Zagadou: Was soll man zu diesem Typen noch sagen? Lässt die Gegenspieler regelmäßig mit simplen Bewegungen eiskalt in die falsche Richtung laufen, deutet an, nicht zum Ball zu gehen, nur um ihn dann doch locker abzulaufen, wenn der Gegenspieler losläuft und strahlt eine Coolness aus, wie ein Tiefkühlgerät auf höchster Stufe.

Hakimi: Nicht nur wegen seiner zwei Torvorlagen absoluter Aktivposten. Stellte mit seiner Geschwindigkeit die Frankfurter immer wieder vor große Probleme.

Guerreiro: Siehe oben.

Axel Witsel: Wurde dankenswerter Weise von den Frankfurtern weitestgehend unbehelligt gelassen und konnte so auch immer wieder Fahrt nach vorne aufnehmen.

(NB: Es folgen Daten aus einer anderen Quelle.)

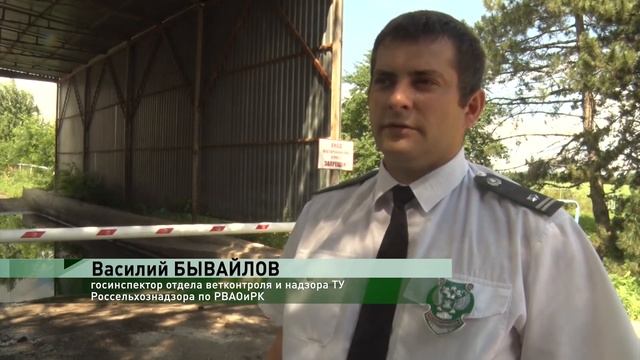 Проверка куриных яиц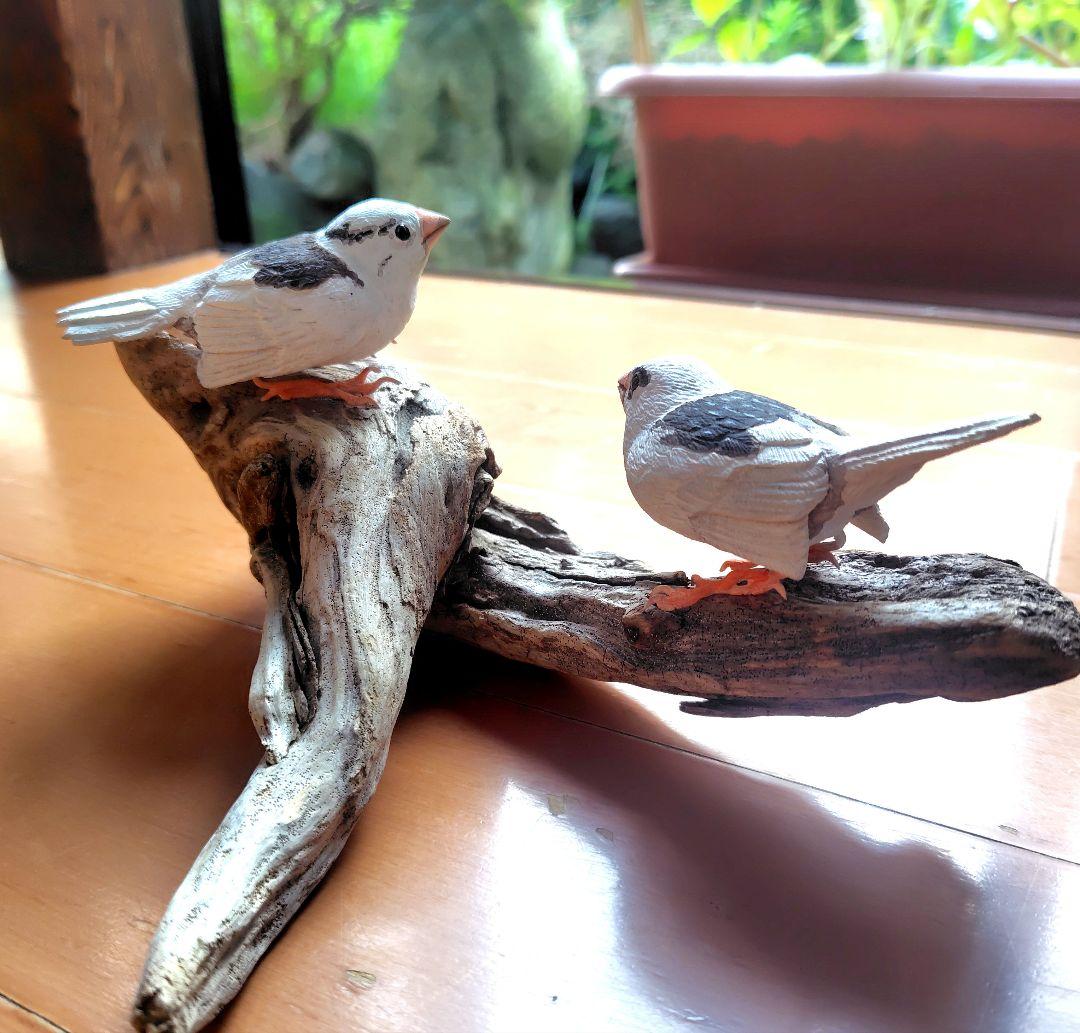 小さなバードカービング ジュウシマツ 野鳥 木彫り - メルカリ
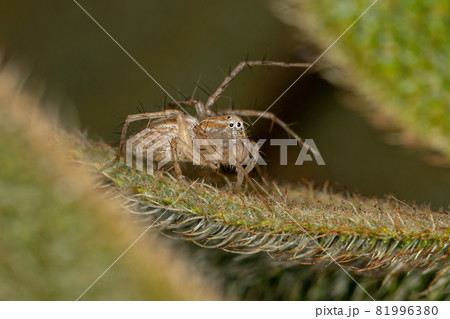 Striped Lynx Spider Striped Lynx Spider 81996380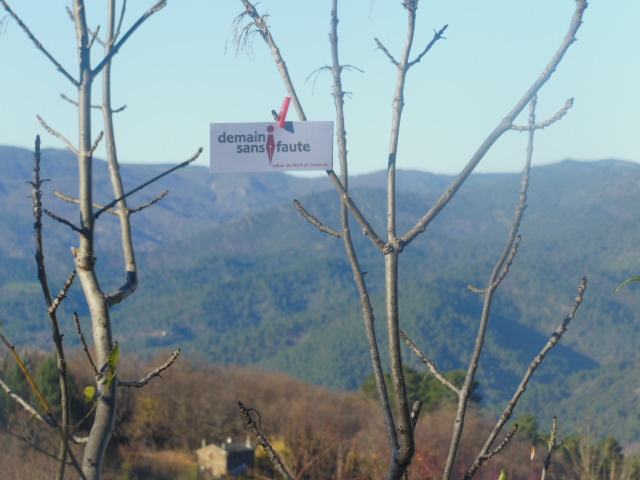 dscn4286.jpg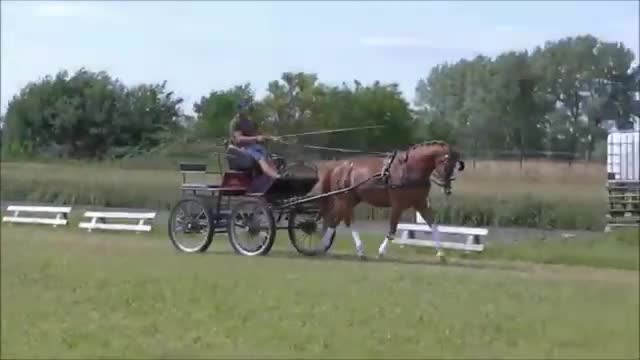 Allround hästar till salu: Top coloured dressage & driving Champion - Video 2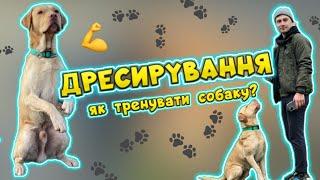 Дресирування собаки! Як дресирувати собаку? Як організувати собаче тренування?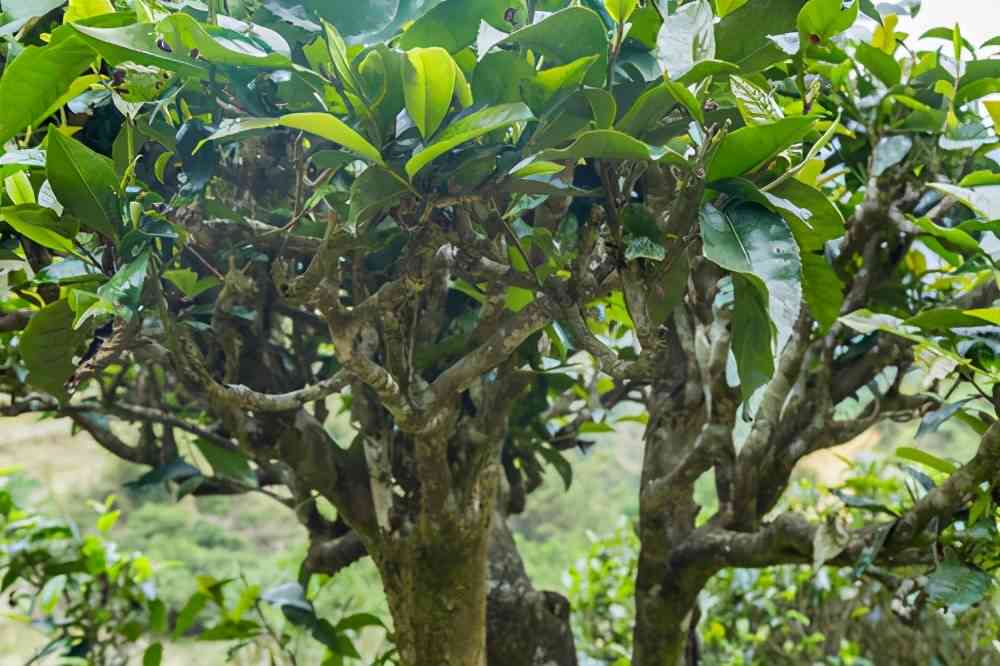 普洱茶跟古树普洱区别大吗？古树茶与普洱茶的区别是什么？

Leitete das 2:0 mit seinem starken Pass auf Sancho ein.

Can (bis 64.): Sorgte für viel Stabilität im Mittelfeld, klärte in der ersten Halbzeit resolut per Grätsche gegen Kostic. Ist im Gegensatz zu Brandt die defensivere Variante, was heute aber durchs Witsels Aktionen nach vorne aufgefangen wurde.

Hazard: Ich mag ja Spieler, die den Kopf nicht hängen lassen, auch wenn es mal nicht läuft. Viele technische Schwächen heute, steckte aber nie auf.

Sancho (bis 75.): Bei Ousmane Dembélé war ich mir sicher, dass ich eine solche Ballbehandlung so schnell nicht wiedersehen werde. Bei Sancho denke ich jedes Mal, dass Dembélé irgendwie doch ein Holzfuß war.

Haaland (bis 79.): Ähnlich wie Hazard unterwegs. Erstaunliche Schwächen bei der Ballverarbeitung, aber immer unterwegs, anspielbar und immerhin mit dem 8. Tor im 5. Spiel.

Dahoud (ab 64.): Siehe oben.

Reyna (ab 75.): Kam in ein Spiel, aus dem die Luft so dermaßen raus war, dass auch der jugendliche Elan nicht ausreichte.

Götze (ab 79.): Durfte auch mal wieder.

Und auf den Rängen?

Das Westfalenstadion mit einem der besseren Auftritte in dieser Saison. Lediglich in der Phase vor dem 1:0 gab es einen Hänger, ansonsten war es durchgehend okay. Auch der Gästeblock startete gut, ließ dann aber mit dem Verlauf des Spiels nach und verlegte sich aufs Pöbeln. Das aber im besten Grundschulsinn mit Sprechchören wie "Eure Eltern sind Geschwister." Da hierbei aber bei weitem nicht alle mitzogen, kam es nicht so richtig an. Erst nach dem Spiel wurde es wieder laut, als die Frankfurter ihre Mannschaft durchaus beeindruckend verabschiedeten.